Exercise instructions
From the first line to the last, set down the material exactly and drop every picture.

=-=-=-=-=

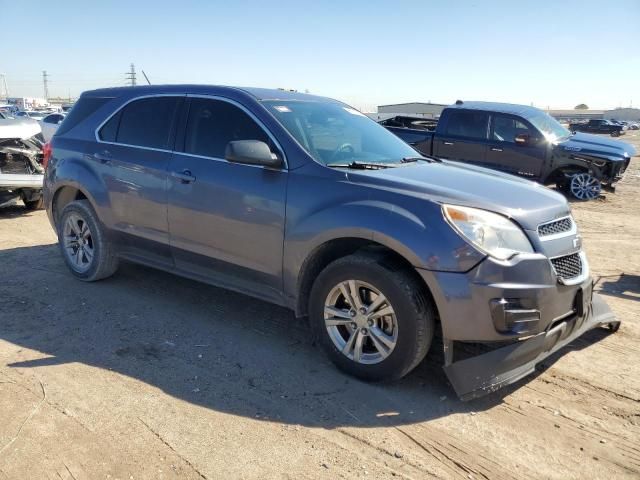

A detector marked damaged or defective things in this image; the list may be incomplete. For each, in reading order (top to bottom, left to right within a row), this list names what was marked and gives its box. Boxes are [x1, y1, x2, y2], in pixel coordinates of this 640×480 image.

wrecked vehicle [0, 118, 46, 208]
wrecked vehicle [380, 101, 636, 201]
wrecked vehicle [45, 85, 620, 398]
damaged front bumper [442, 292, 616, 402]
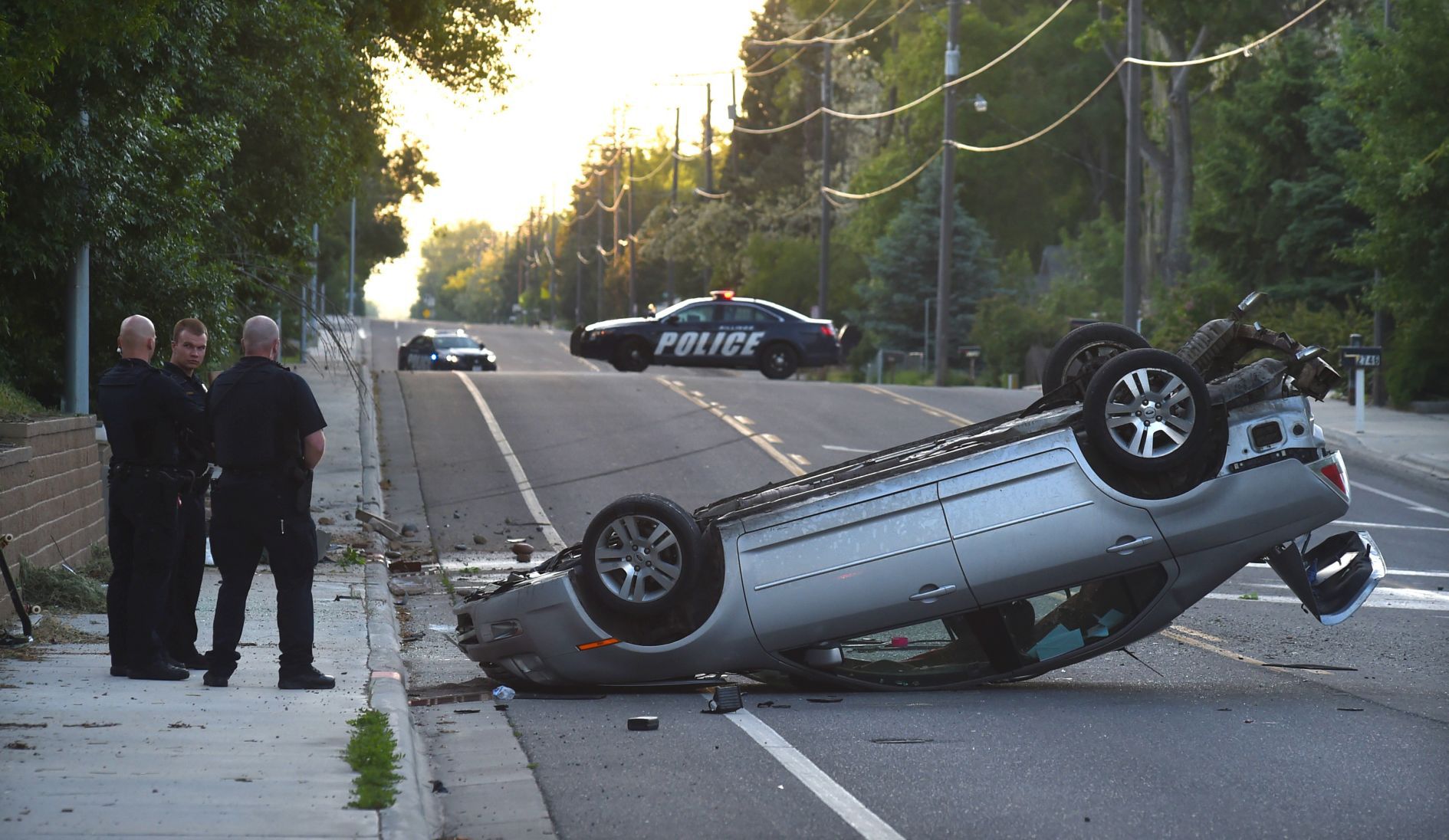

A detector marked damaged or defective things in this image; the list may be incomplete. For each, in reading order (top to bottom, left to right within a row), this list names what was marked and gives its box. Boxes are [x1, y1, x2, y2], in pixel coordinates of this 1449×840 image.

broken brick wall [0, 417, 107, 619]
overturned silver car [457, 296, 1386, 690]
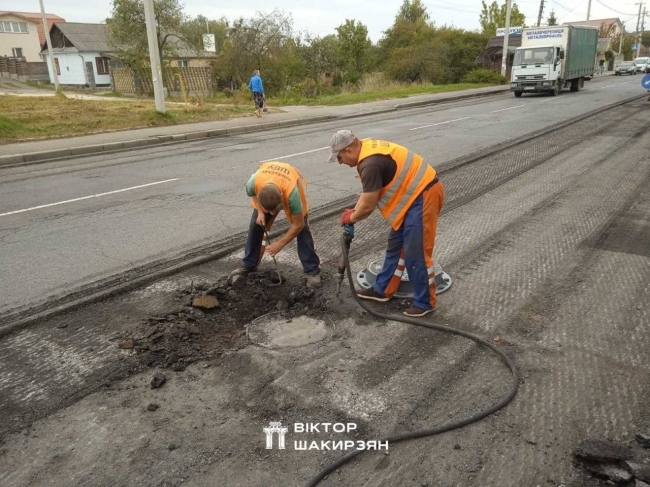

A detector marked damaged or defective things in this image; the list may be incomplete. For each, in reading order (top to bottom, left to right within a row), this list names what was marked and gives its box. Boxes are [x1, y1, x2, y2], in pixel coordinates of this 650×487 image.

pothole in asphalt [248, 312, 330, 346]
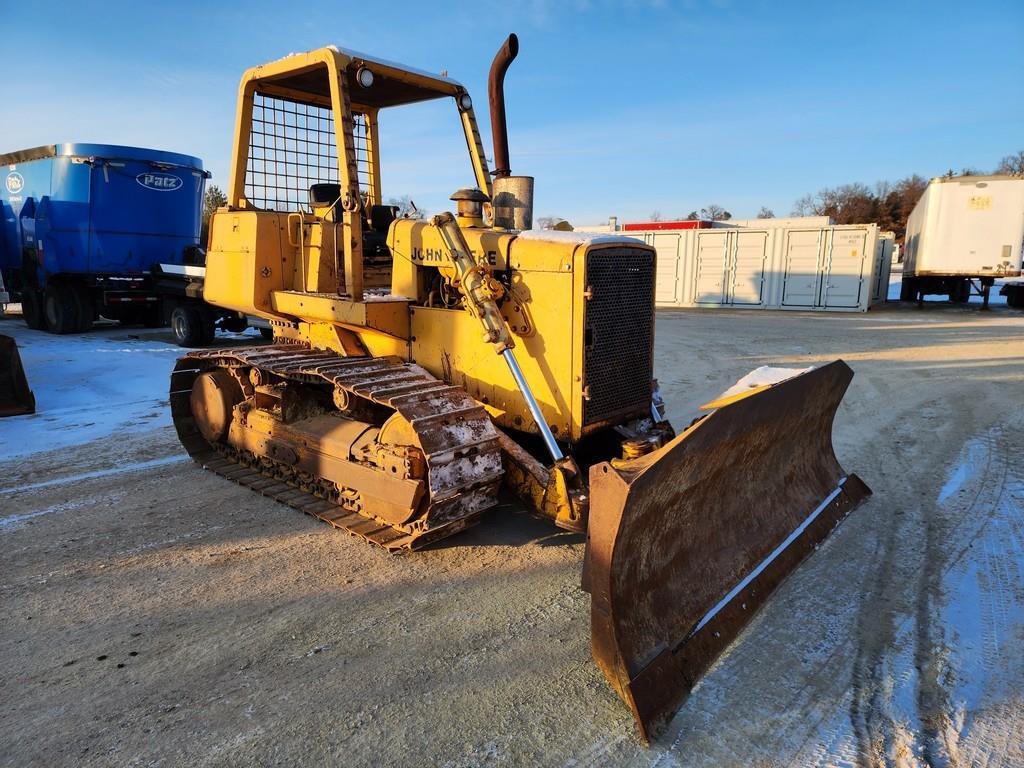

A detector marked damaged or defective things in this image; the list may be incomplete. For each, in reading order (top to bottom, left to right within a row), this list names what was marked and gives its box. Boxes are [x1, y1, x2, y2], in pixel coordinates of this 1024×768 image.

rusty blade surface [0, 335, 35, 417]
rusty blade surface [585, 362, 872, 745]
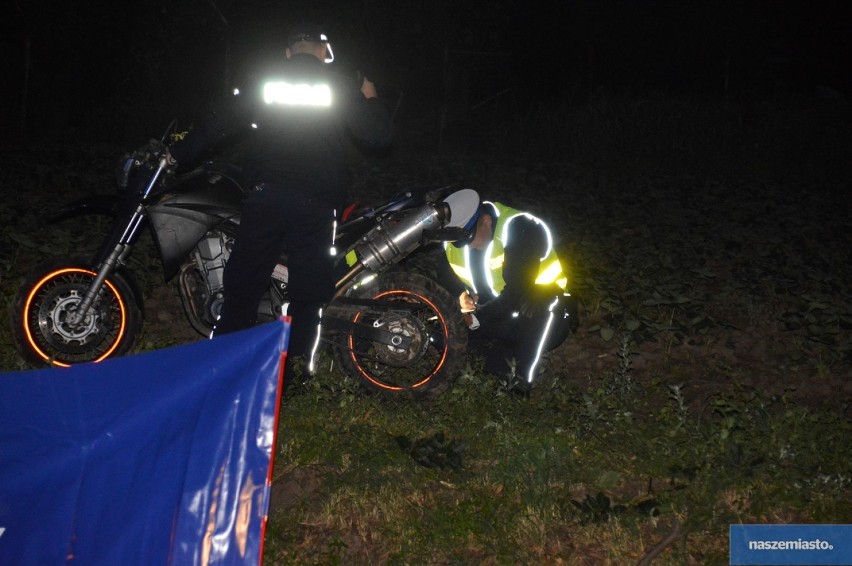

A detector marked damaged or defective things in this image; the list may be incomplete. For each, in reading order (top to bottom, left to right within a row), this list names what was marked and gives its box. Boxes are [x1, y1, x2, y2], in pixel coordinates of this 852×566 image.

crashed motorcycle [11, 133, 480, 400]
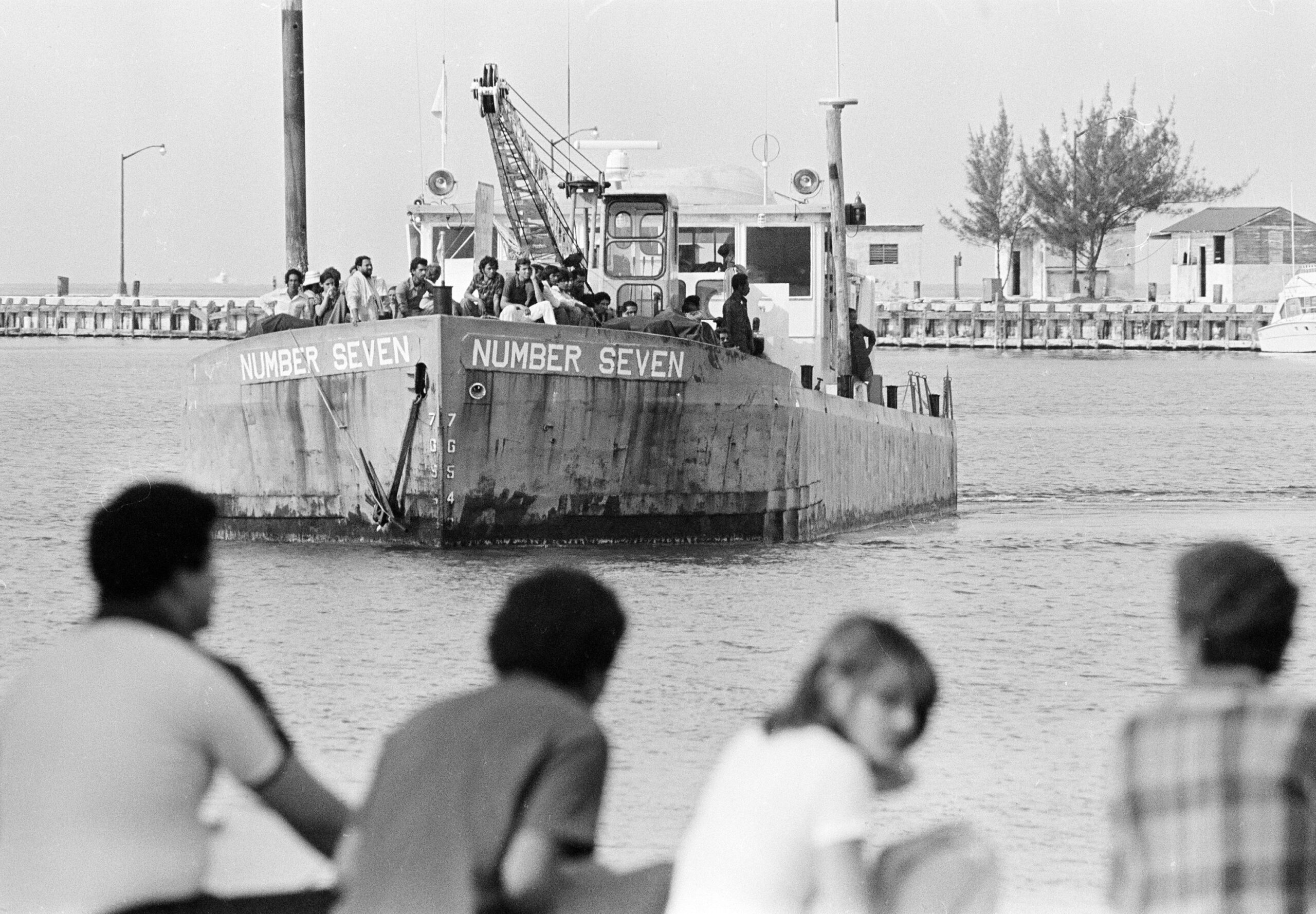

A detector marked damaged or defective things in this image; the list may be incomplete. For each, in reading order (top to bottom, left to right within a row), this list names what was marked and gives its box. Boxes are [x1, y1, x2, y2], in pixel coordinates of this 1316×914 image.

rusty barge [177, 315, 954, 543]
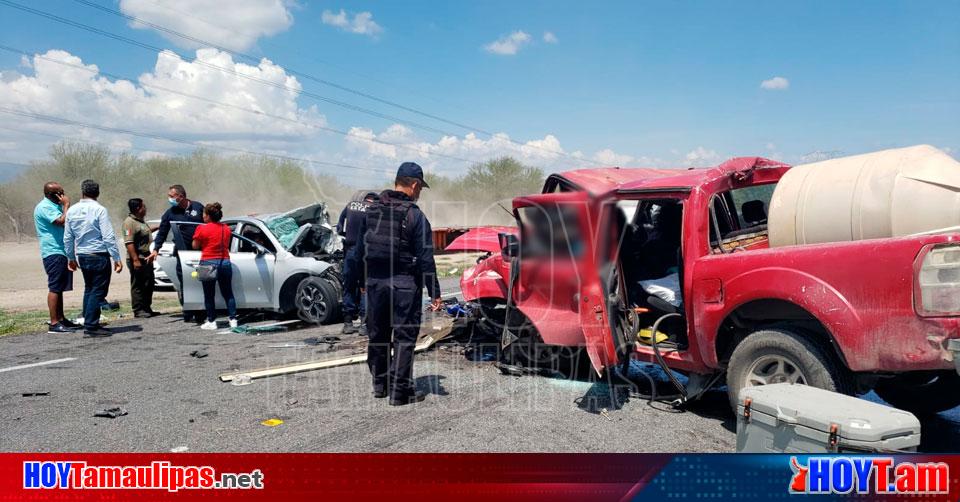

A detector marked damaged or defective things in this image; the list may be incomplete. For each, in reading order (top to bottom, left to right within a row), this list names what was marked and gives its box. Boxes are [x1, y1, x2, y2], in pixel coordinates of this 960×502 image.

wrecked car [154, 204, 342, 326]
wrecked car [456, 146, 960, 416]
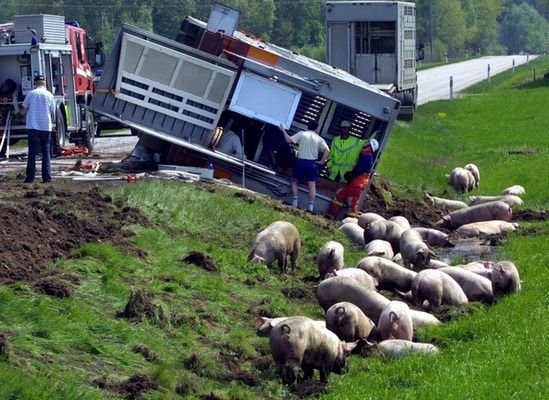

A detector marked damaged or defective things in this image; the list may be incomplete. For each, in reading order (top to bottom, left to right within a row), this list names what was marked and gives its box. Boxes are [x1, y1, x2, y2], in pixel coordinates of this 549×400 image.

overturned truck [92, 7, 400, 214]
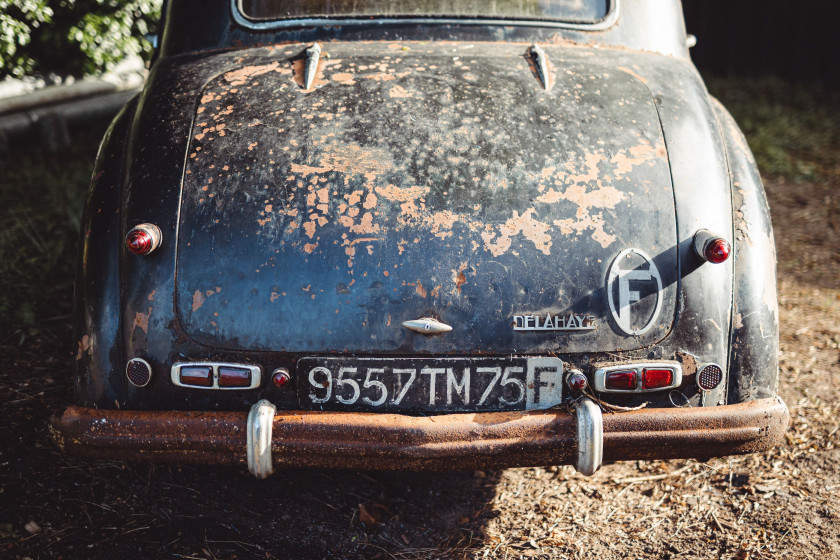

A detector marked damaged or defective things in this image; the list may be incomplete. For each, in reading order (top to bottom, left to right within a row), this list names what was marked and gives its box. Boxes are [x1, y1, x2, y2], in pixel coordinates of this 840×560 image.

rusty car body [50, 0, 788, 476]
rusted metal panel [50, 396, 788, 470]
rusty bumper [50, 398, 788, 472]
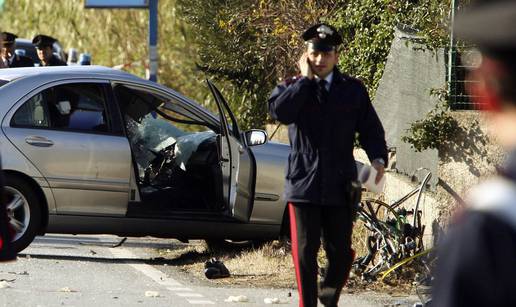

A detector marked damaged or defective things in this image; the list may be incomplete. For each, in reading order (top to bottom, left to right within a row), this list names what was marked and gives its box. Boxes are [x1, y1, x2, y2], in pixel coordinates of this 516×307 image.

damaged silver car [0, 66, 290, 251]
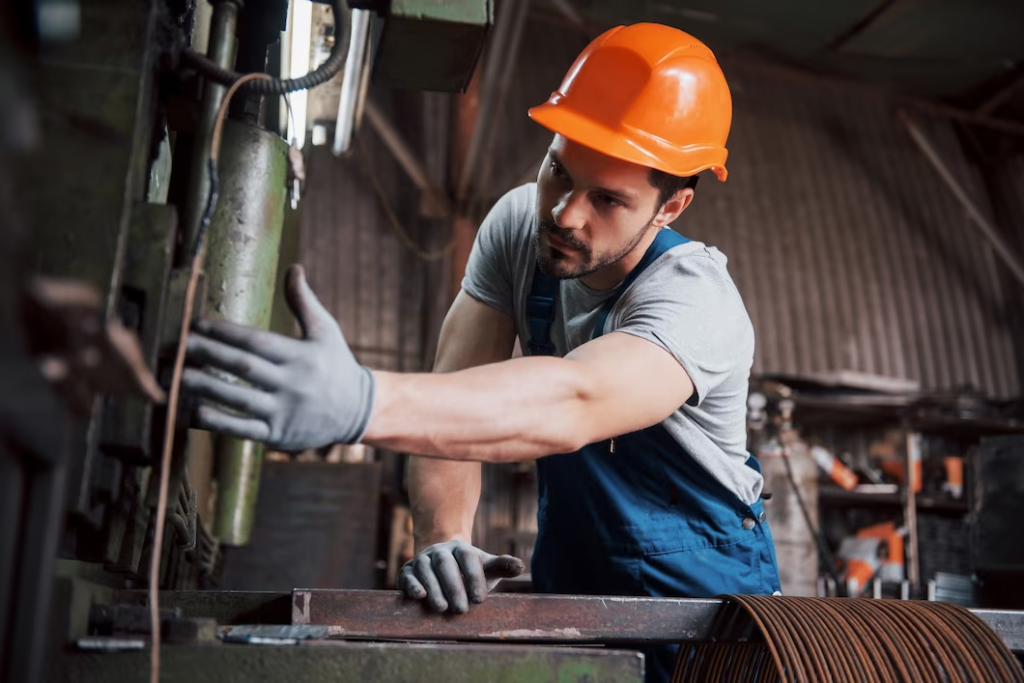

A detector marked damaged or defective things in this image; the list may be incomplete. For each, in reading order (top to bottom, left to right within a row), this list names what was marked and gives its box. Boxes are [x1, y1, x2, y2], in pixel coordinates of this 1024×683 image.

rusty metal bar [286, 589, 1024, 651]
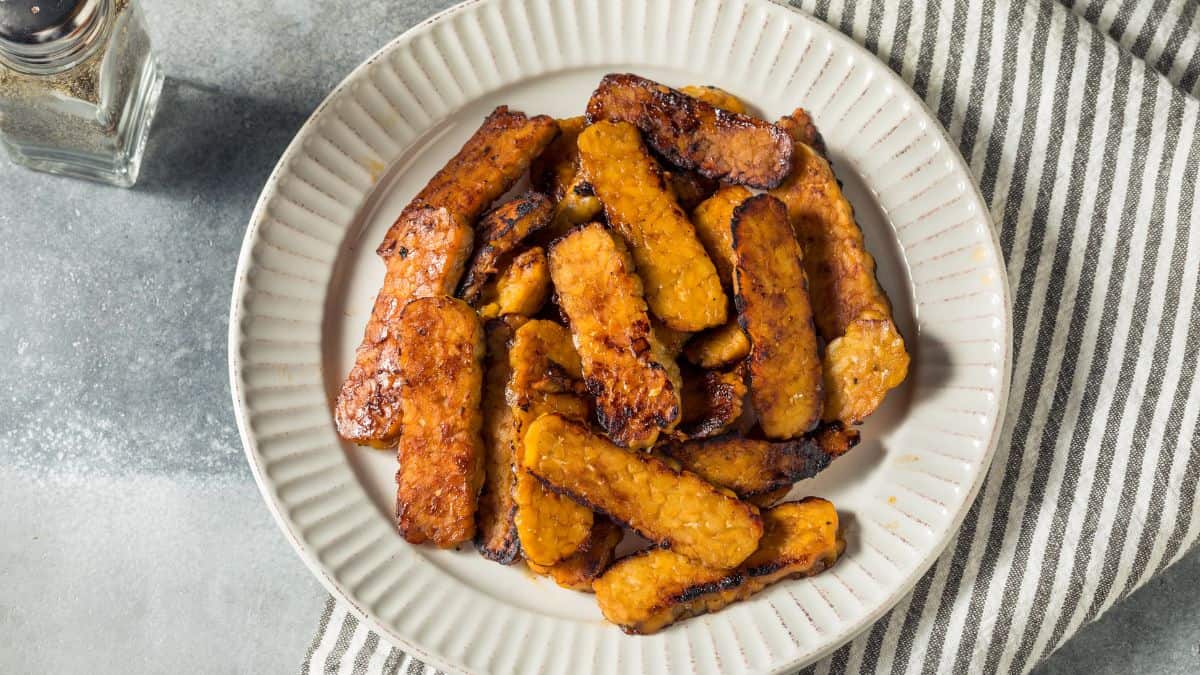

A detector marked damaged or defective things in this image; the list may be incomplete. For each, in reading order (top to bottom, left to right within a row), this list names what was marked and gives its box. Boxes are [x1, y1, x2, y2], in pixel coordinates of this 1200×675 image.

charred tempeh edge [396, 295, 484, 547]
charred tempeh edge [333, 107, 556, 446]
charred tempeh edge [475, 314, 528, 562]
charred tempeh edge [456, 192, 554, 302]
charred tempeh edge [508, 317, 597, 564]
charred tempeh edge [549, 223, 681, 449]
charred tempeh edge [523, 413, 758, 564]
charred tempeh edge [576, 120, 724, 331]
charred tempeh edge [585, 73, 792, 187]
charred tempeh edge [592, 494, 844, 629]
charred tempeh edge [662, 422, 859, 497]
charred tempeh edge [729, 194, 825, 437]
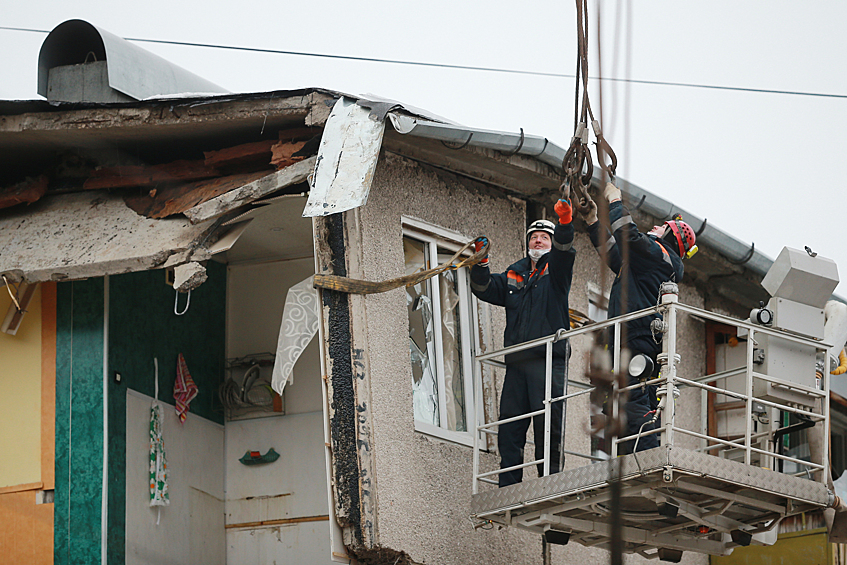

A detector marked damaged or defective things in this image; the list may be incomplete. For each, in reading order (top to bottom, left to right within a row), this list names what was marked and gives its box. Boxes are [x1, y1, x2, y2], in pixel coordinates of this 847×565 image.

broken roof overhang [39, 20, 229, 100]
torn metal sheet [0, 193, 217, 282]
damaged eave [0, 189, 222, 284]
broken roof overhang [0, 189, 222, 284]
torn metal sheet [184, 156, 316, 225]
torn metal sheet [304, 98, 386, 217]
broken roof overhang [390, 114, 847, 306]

=-=-=-=-=

Answer
A detector marked damaged or defective things in this image; the list may be incomplete. For each, in reading order (top to bottom, left to right within a row), this list names what was marked and gives its box. Boxes are [x1, y1, x2, y2], in pixel coordinates of this 640×480 image.

wrecked vehicle [0, 118, 46, 208]
wrecked vehicle [380, 101, 636, 201]
wrecked vehicle [45, 85, 620, 398]
damaged front bumper [442, 292, 616, 402]

A detector marked damaged or defective things in this image; the list may be incomplete. For each, in reading order (top to bottom, left to right within a row), this list names what was marked and gives its box. Boxes are [x1, y1, x2, y2], in pixel coordinates of this 1449×840 image.

broken brick wall [0, 417, 107, 619]
overturned silver car [457, 296, 1386, 690]

A detector marked damaged or defective things in this image; the list may be incomplete. For each, in reading order (top to bottom, left to right within a row), this list names what was marked and gives its box. Boxes are [x1, y1, x2, y2], in pixel coordinates of this 650×487 image.

pothole in asphalt [248, 312, 330, 346]

A detector marked damaged or defective things in this image; the list may be incomplete. For each, in reading order (top to bottom, left to right within a row), this list names what was marked and gives its box. Boxes are [x1, y1, x2, y2], in pixel coordinates of this 1024×768 image.

rusty blade surface [0, 335, 35, 417]
rusty blade surface [585, 362, 872, 745]

A detector marked damaged or defective things in this image; the list may be incomplete. For each, in reading order (top to bottom, left to right within a row), this list names what was marked and gives its box. Boxes are [x1, y1, x2, y2], in pixel coordinates of this 852×566 image.

crashed motorcycle [11, 133, 480, 400]

A detector marked damaged or defective things in this image; the list may be incomplete. For each, in reading order (top to bottom, left to right within a row), this list names what was marked and gives its box. Boxes are [x1, y1, x2, y2], in pixel coordinates of this 1316×914 image.

rusty barge [177, 315, 954, 543]

A detector marked damaged or defective things in this image; the list may be incomplete. For each, in reading order (top to bottom, left to right within a row), this list names what was marked and gives its box. Boxes are [x1, y1, x2, y2], in pixel coordinates of this 960×502 image.

wrecked car [154, 204, 342, 326]
wrecked car [456, 146, 960, 416]

A detector marked damaged or defective things in this image; the list may be incomplete. For each, in reading order (top to bottom, left to right within a row), this list names what was marked and gives its box. Boxes are [x1, y1, x2, y2], in pixel coordinates of this 549×400 image.

overturned truck [92, 7, 400, 214]

A detector marked damaged or defective things in this image; the list may be incomplete. For each, in reading order (top to bottom, left to right within a row), this list names what was marked and gives its box. Boxes are [x1, y1, x2, y2], in pixel coordinates of this 840×560 image.

rusty car body [50, 0, 788, 476]
rusted metal panel [50, 396, 788, 470]
rusty bumper [50, 398, 788, 472]

A detector marked damaged or defective things in this image; the list may be incomplete. For each, in reading order (top to bottom, left to right within a row), this list names what was marked and gives its box. Boxes are [x1, y1, x2, y2], in pixel coordinates of this 516×307 image.

damaged silver car [0, 66, 290, 251]

A detector marked damaged or defective things in this image; the list may be incomplete. For each, in reading order (top to bottom, left to right within a row), this list names what was marked and gives its box. Boxes are [x1, y1, x2, y2], in pixel coordinates of this 1024×683 image.

rusty metal bar [286, 589, 1024, 651]

A detector marked damaged or defective things in this image; the list may be incomplete. For each, in reading order (top to bottom, left to right within a row), this list names what was marked and gives its box. Boxes are [x1, y1, x2, y2], in pixel coordinates of this 1200×675 image.

charred tempeh edge [396, 295, 484, 547]
charred tempeh edge [333, 107, 556, 446]
charred tempeh edge [475, 314, 528, 562]
charred tempeh edge [456, 192, 554, 302]
charred tempeh edge [508, 317, 597, 564]
charred tempeh edge [549, 223, 681, 449]
charred tempeh edge [523, 413, 758, 564]
charred tempeh edge [576, 120, 724, 331]
charred tempeh edge [585, 73, 792, 187]
charred tempeh edge [592, 494, 844, 629]
charred tempeh edge [662, 422, 859, 497]
charred tempeh edge [729, 194, 825, 437]

A detector marked damaged or defective things in this image; the list may be incomplete. For each, in reading order (top to bottom, left to right within a row), this list names what was marked and gives its box. Boxes are [x1, y1, x2, y2], in pixel coordinates of this 847×565 image.

broken roof overhang [39, 20, 229, 100]
torn metal sheet [0, 193, 217, 282]
damaged eave [0, 189, 222, 284]
broken roof overhang [0, 189, 222, 284]
torn metal sheet [184, 156, 316, 225]
torn metal sheet [304, 98, 386, 217]
broken roof overhang [390, 114, 847, 306]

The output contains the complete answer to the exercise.